On a conference call with GOP lawmakers, House Ways and Means Committee Chairman Jason Smith of Missouri said the measure would index the child tax credit for inflation and would boost the standard deduction, permanently, by $2,000 for working families, according to those on an afternoon briefing call with Republican lawmakers.
The measure, part of President Trump’s “big, beautiful bill,” would also allow deductions for auto loan payments for cars made in America.
“We achieve an extension of Trump tax cuts and deliver on the president’s tax cut promises at $5 billion under reconciliation instructions,” Mr.
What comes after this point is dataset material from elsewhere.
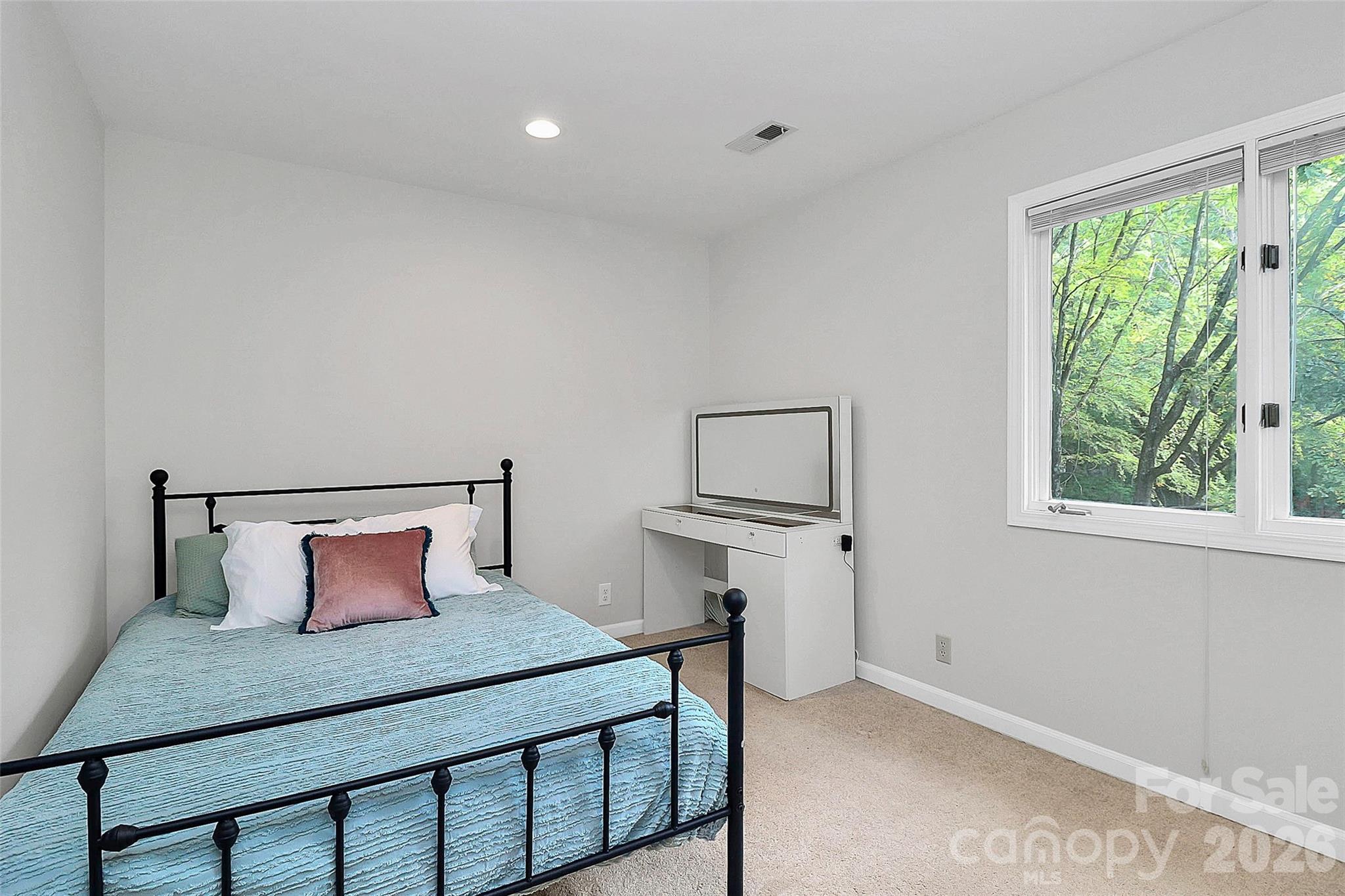 16 Woodvine Lane Property Photo 20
Smith said, according to participants on the call.
The legislation would make additional “pro-family improvements” by indexing the child tax credit to inflation and would lower health care costs by expanding the availability and usage of health savings accounts.
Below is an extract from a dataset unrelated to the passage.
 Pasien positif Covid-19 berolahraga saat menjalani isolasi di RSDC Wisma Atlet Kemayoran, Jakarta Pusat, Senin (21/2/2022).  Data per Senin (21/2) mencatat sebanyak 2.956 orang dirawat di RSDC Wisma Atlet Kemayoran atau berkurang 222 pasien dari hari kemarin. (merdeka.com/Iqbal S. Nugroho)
It would raise the estate tax threshold for family farms and end the “assault on gig workers” who are now subject to $400 IRS reporting requirements.
Seniors earning up to $75,000 a year on Social Security would see an additional $4,000 deduction, according to the legislation.
Others, like elite universities, could see higher tax bills.
The legislation would hike the endowment excise tax for certain universities so that the largest endowments, including at Harvard University, would be subjected to the corporate tax rate of 21%, up from 1.4% under current law.
In an earlier call, Republicans announced the measure would reintroduce the federal income tax deduction for state and local taxes, or SALT, which was reduced to $10,000 in the GOP’s 2017 tax cut bill. The new legislation would allow up to a $30,000 deduction for married filers and would be phased out for household incomes of $400,000 or more. For individuals, the deduction would be capped at $15,000 and phased out for those earning $200,000 or more.